Women are always stereotyped as being too sensitive and over-emotional, and while that’s BS for many, for some of us, it’s actually pretty true. We don’t mean to be super intense about expressing our feelings, we just can’t help it, and sometimes life gets a bit weird because of it.
People think we’re either crazy or annoying.
We all have problems to share, but not everyone wants to hear them. We tend to vent to anyone who will listen about our thoughts, feelings and experiences, and unfortunately, some people really aren’t into it.
We disclose too much too soon.
We get a tad bit too comfortable with telling our entire life story and it can come off as a bit too much too soon. We don’t mean to be so open, but we like being upfront about who we are, and that intensity can be a bit scary for some people.

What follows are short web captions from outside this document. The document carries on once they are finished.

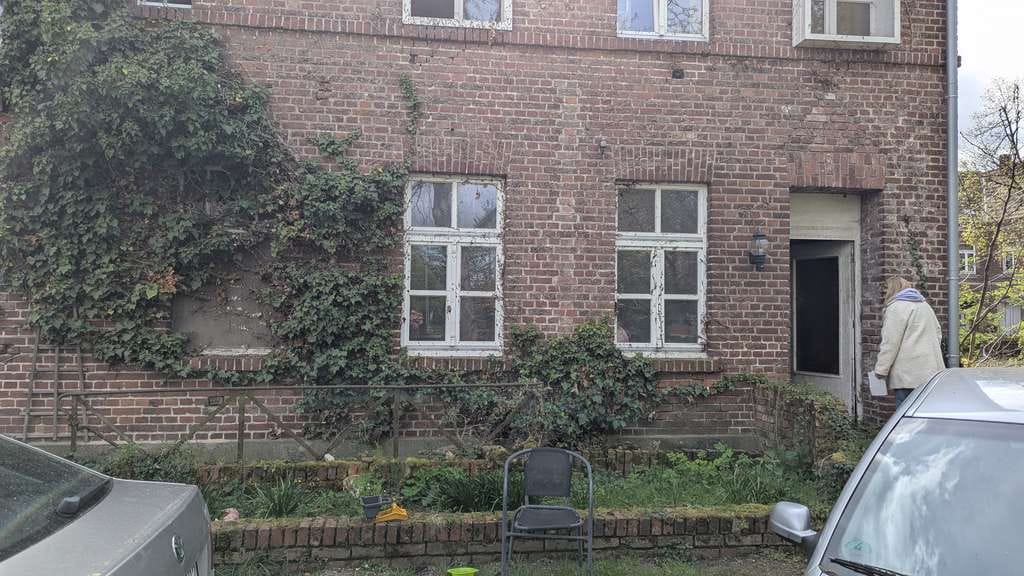 Immobilie in Xanten - Freistehendes 2- geschossiges MFH mit 2- Wohneinheiten u. 1 Gewerbe  mit Potenzial u. Möglichkeiten - Bild 3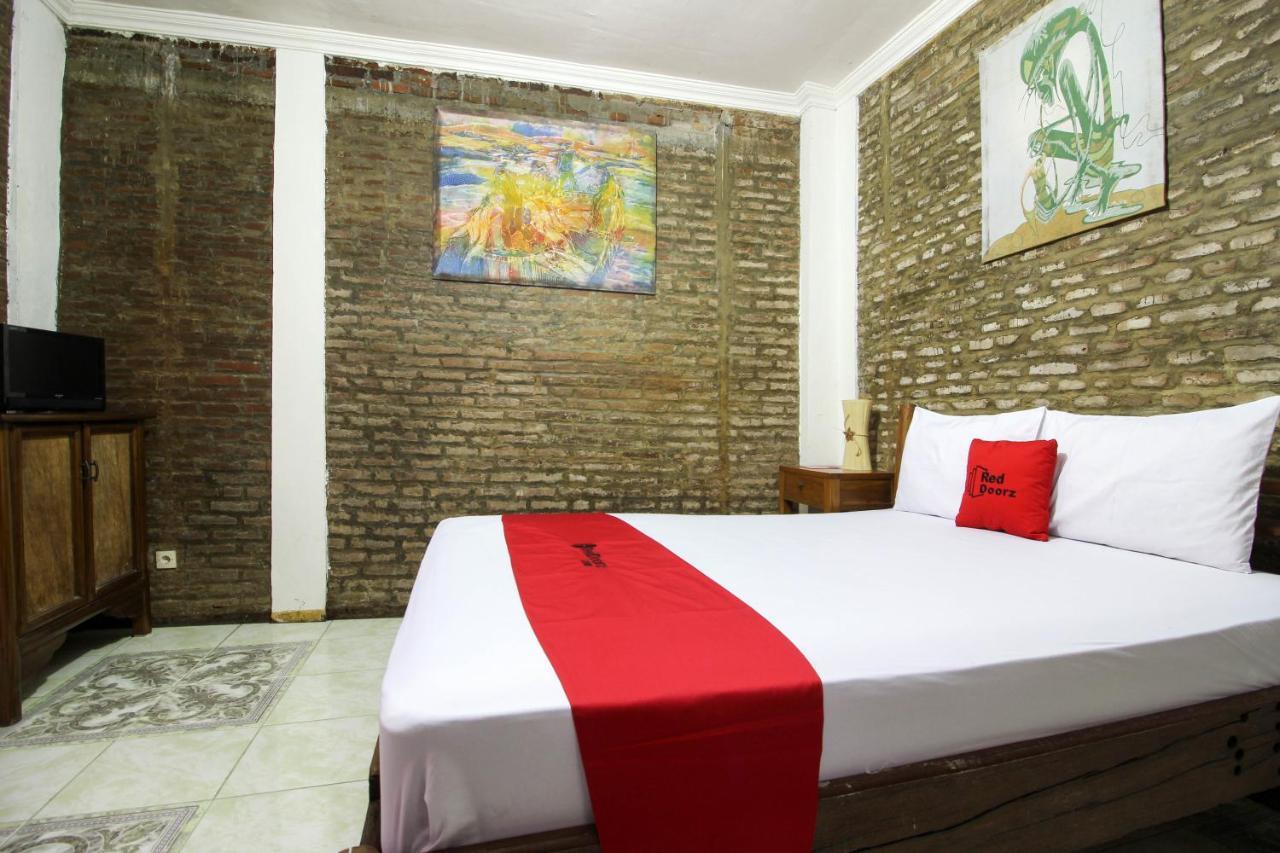Salakan Reddoorz Near Rumah Sakit Wirosaban מראה חיצוני תמונה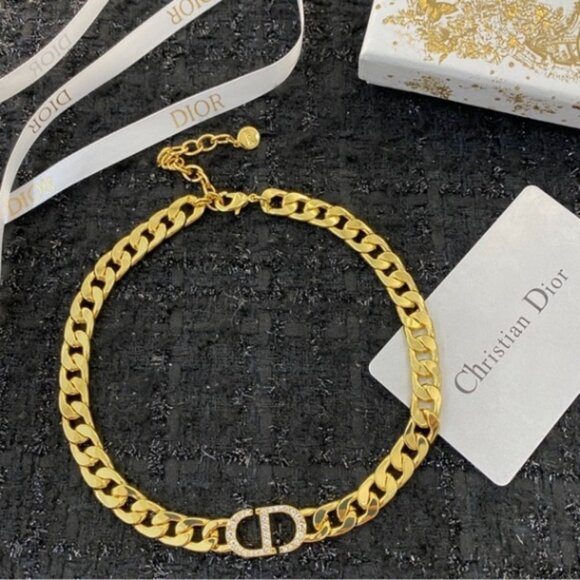 Chic Dior Gold Tone Chain Link Necklace with Crystal CD - Picture 3 of 7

We sometimes screw ourselves over.
There are certain areas in our lives where we shouldn’t be so quick to open up, such as in a work environment or when we just start dating someone new. There are some lines that shouldn’t be crossed until we truly feel safe to share specific emotions. Unfortunately, it doesn’t always turn out that way.
Guys easily lose interest.
Being too open can drive some guys away and make them lose interest. We don’t leave much room for mystery if we tell too much, but we can’t help but spill our guts when we really like a guy. It’s a sign that we feel good about where things are going, but he might not see it that way.

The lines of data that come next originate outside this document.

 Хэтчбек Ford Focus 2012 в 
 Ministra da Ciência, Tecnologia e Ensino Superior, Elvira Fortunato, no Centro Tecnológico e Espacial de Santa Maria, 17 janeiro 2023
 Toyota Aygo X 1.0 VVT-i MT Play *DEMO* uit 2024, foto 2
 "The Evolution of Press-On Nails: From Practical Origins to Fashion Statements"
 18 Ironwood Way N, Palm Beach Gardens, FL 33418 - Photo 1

Everyone knows our secrets, but we don’t know anyone else’s.
Just because we’re open to sharing how you feel doesn’t mean that other people are willing to do the same. We don’t want to end up being the person who everyone knows everything about, so we try to keep some things to ourselves, which is easier said than done.
It makes us seem weak.
We all have bad days and get really upset or angry, and we know that doesn’t mean we need to shout it to the whole world. If we constantly go around telling everyone when we’re upset or angry, it can make it seem like that’s the way we always are. We know we need to be strong and learn how to control our emotions, but that doesn’t make doing it any easier.
Not everyone can relate to what we’re going through.
As humans, we feel the need to be able to connect to one another. The things is, not everyone has that ability (or the desire to do it). We expect people not only to be receptive to our emotions, but empathetic, as well, and we’re often disappointed when that’s not what we get.
It might be too much for people to handle.
We know we’re guilty of oversharing and we try not to do it, but sometimes we just can’t help ourselves. Of course, that freaks a lot of people out and costs us a lot of relationships, both romantic and platonic, from people who just can’t cope with so much intensity so soon. Ugh.